Caso bebê Ana Beatriz: Mãe é presa após corpo ser encontrado em armário da casa

A mãe da recém-nascida Ana Beatriz, de apenas 15 dias, foi presa em flagrante após confessar o paradeiro do corpo da filha
Foto: Reprodução

AMAZONAS – A mãe da recém-nascida Ana Beatriz, de apenas 15 dias, foi presa em flagrante após confessar o paradeiro do corpo da filha, encontrado escondido em um pote de sabão em pó no quintal da casa da família, em Novo Lino (AL). Eduarda Silva de Oliveira, 22 anos, havia dado pelo menos cinco versões diferentes para o desaparecimento da criança, incluindo um suposto sequestro na BR-101.

O corpo da bebê foi localizado na tarde desta terça-feira (15) dentro de um saco plástico, dentro de um recipiente de sabão em pó guardado em um armário externo. Segundo informações da polícia, o advogado da família convenceu Eduarda a revelar o local antes que as autoridades fossem acionadas.
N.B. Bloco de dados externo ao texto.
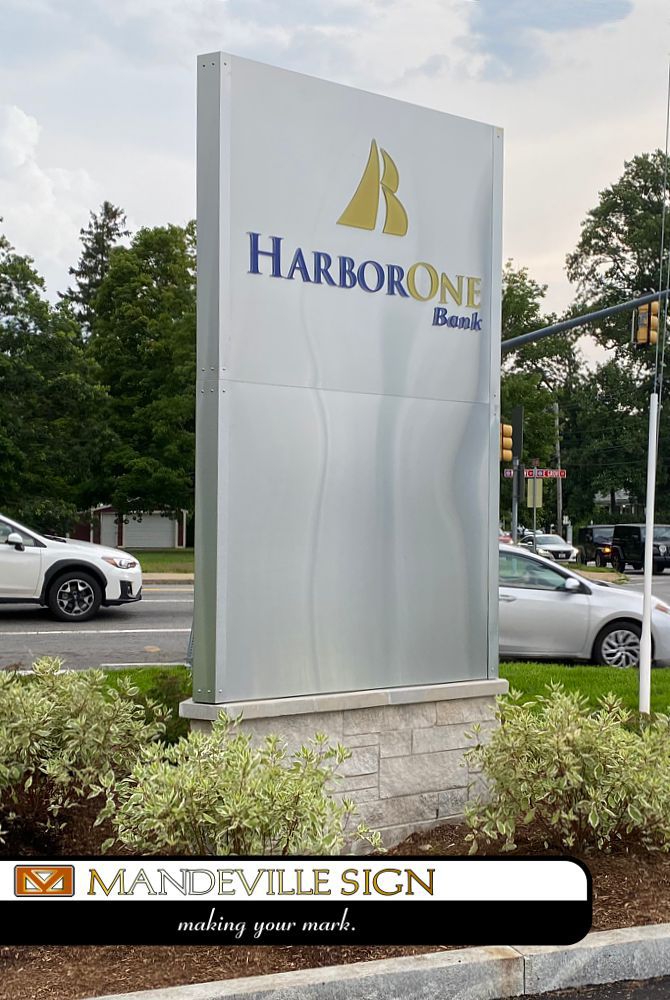 HarborOne Bank - Middleborough, MA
A mãe, que passou mal após a descoberta, foi levada para um hospital e, em seguida, ao Centro Integrado de Operações de Segurança (Cisp) para prestar depoimento. Ela foi presa em flagrante e pode responder por infanticídio, homicídio e ocultação de cadáver.

Inicialmente, Eduarda afirmou à polícia que quatro pessoas (três homens e uma mulher) a abordaram em um carro na BR-101 e levaram a bebê à força. No entanto, câmeras de segurança e testemunhas descartaram a história.
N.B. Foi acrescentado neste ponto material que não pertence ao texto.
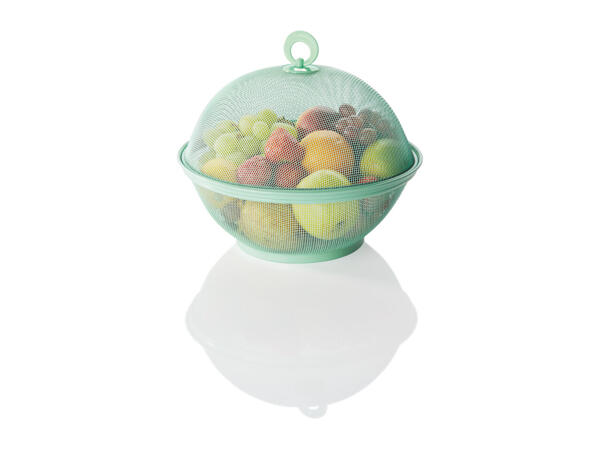 Ernesto Fruit Basket
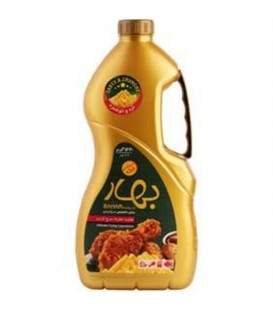 روغن سرخ بهار معمولی1/8ک6ع 592800ف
Um homem chegou a ser detido em Vitória de Santo Antão (PE) após a polícia localizar um veículo com características semelhantes às descritas, mas foi liberado por falta de provas.

Vizinhos relataram ter ouvido Ana Beatriz chorando pela última vez na quinta-feira (10), um dia antes do suposto sequestro. O pai da criança, que trabalha como motorista e estava em São Paulo, retornou às pressas após ser informado do desaparecimento.
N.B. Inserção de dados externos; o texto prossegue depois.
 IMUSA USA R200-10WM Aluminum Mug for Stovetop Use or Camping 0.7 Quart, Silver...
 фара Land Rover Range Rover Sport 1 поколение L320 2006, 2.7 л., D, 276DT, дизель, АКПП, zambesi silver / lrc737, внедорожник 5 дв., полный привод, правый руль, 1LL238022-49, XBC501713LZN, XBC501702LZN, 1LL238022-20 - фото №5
A polícia investiga se a morte foi causada por asfixia ou se a criança faleceu por causas naturais antes de ser escondida. O caso está sob responsabilidade da Delegacia de Homicídios de Alagoas

O crime chocou a população local, que tem se mobilizado nas redes sociais exigindo punição. O delegado João Marcelo, responsável pelo caso, afirmou que a acusada permanecerá presa e que as investigações continuam para apurar todos os detalhes do crime.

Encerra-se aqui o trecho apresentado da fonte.